Exercise instructions:
Repeat only the lines between the one with "Vespa Supersport GTS" and the end of the material below, both ends included. Omit any picture.

Input data:
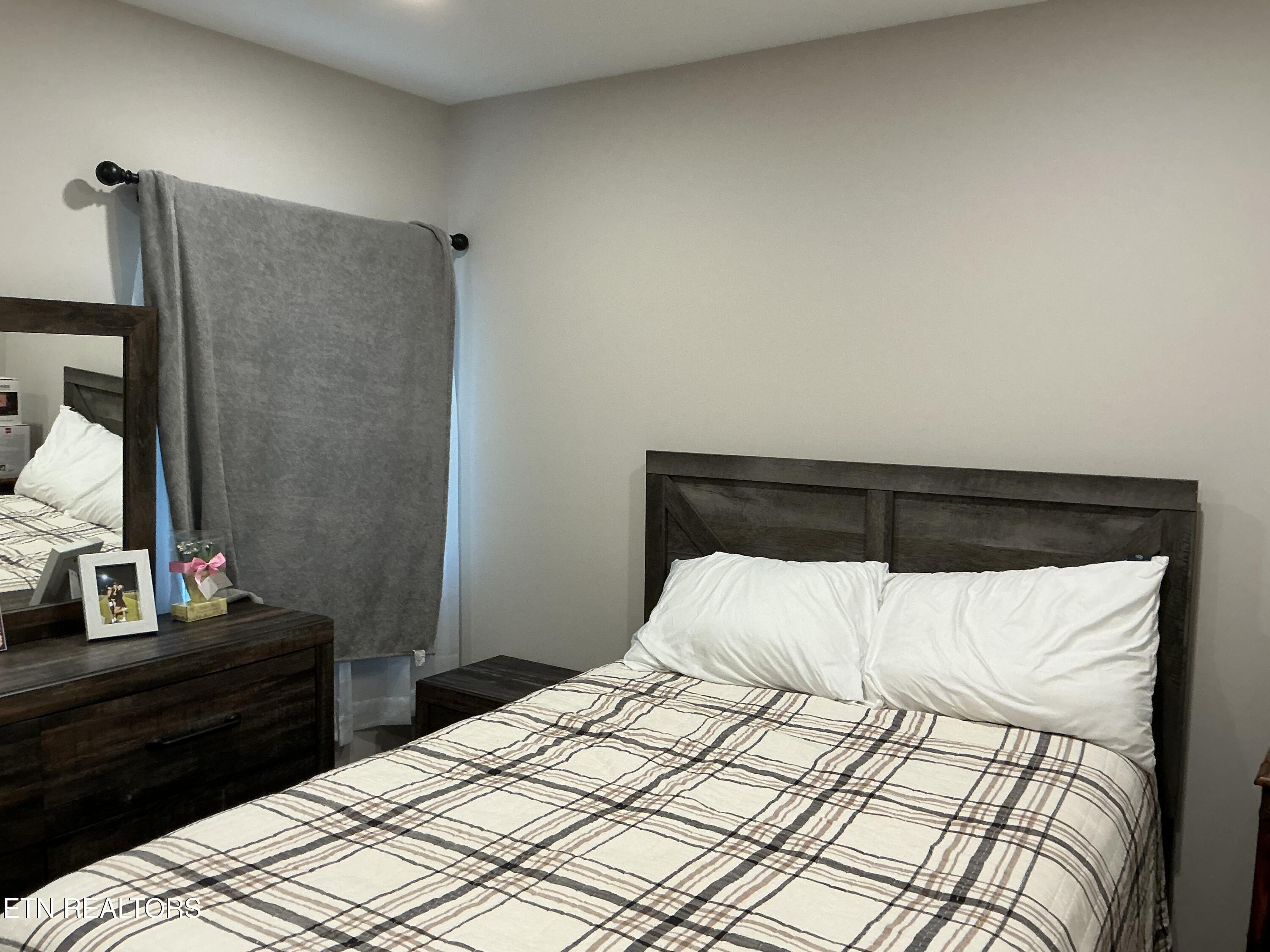 807 Exeter Avenue Middlesboro, KY 40965 - Photo 21 of 35 IMG_2991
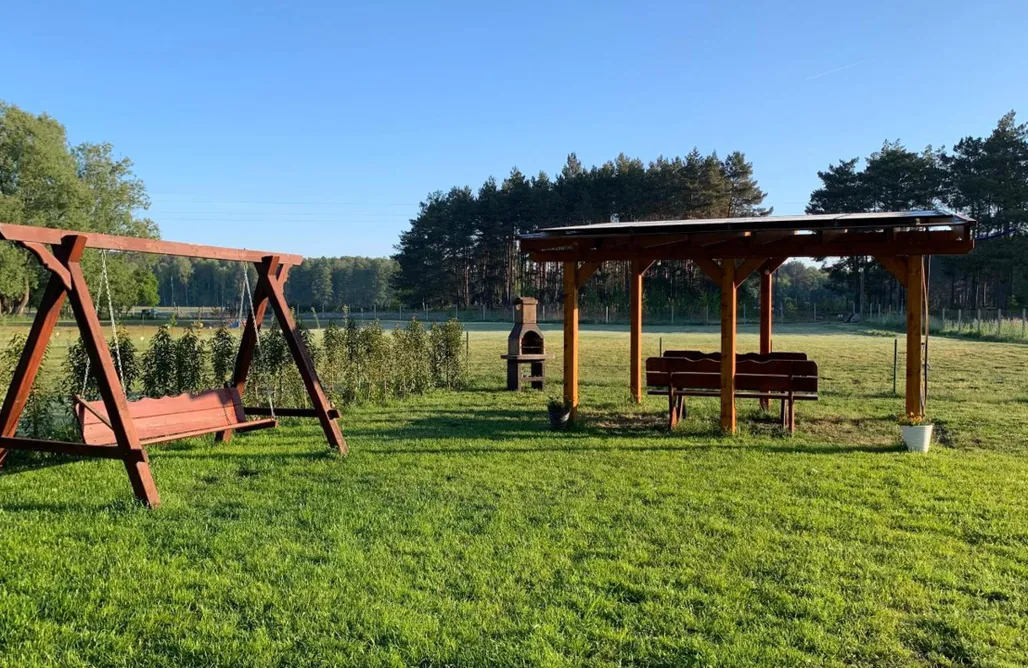 noclegi AlohaCamp Domek na Łące 4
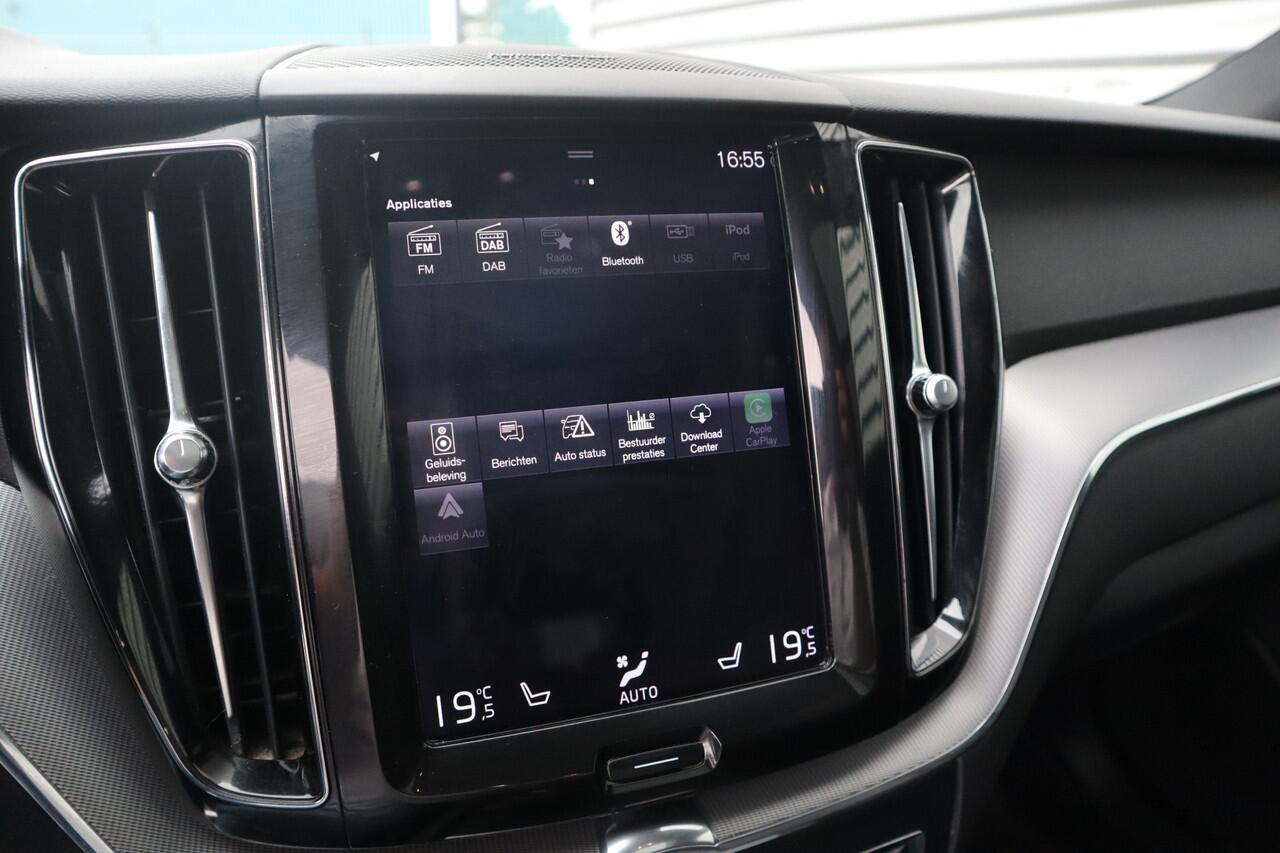 Volvo XC60 2.0 T8 Twin Engine AWD R-Design Luchtvering / Harman Kardon / Panorama dak /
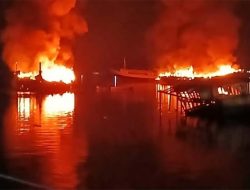 3 Kapal Hangus Terbakar di Teluk Kayangan Lombok Timur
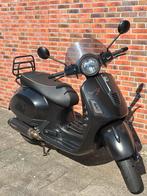 Vespa Supersport GTS 300 - Akrapovic, Particulier, Scooter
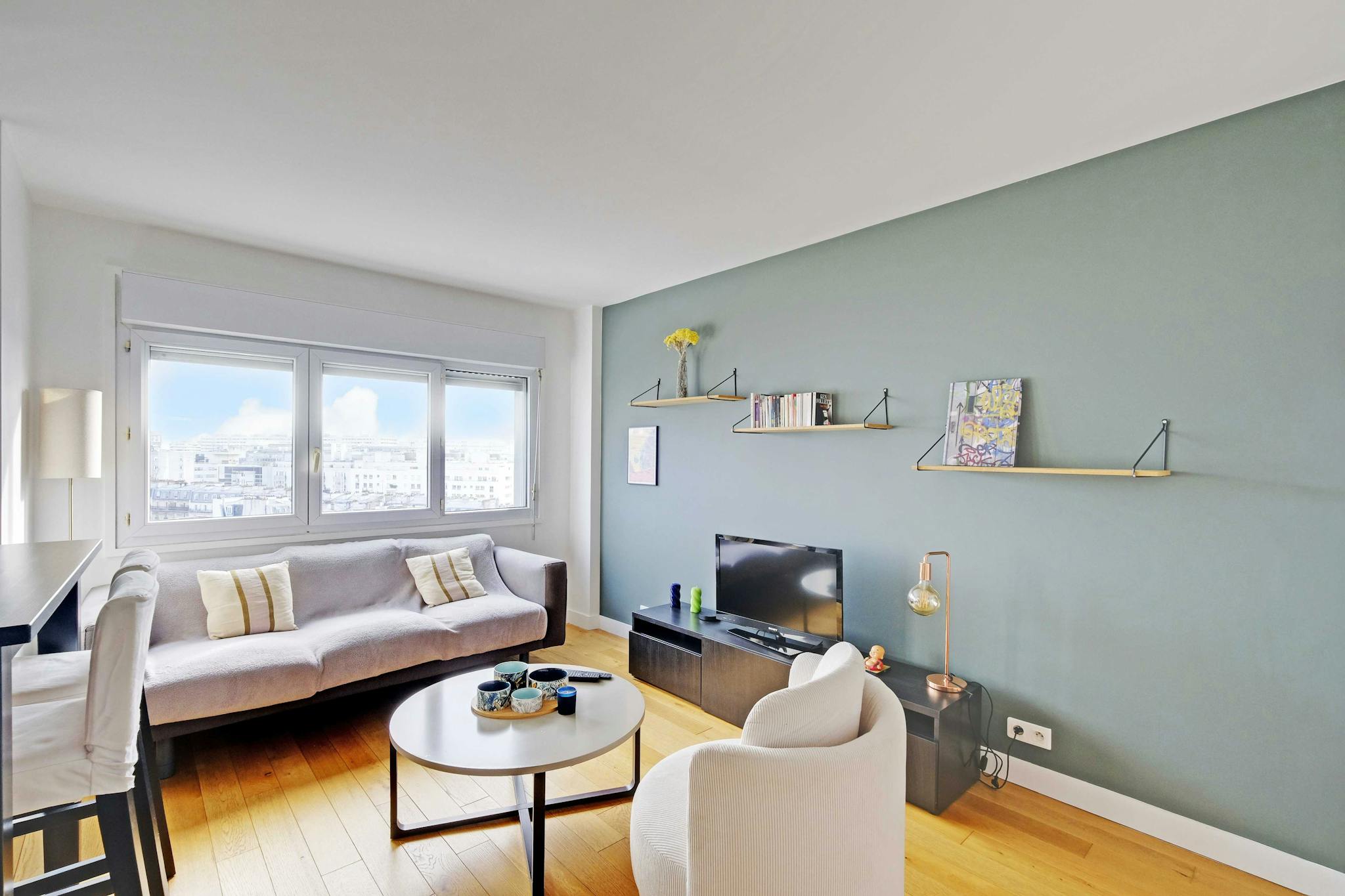 Rue de Charenton, Paris preview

Completed task:
 Vespa Supersport GTS 300 - Akrapovic, Particulier, Scooter
 Rue de Charenton, Paris preview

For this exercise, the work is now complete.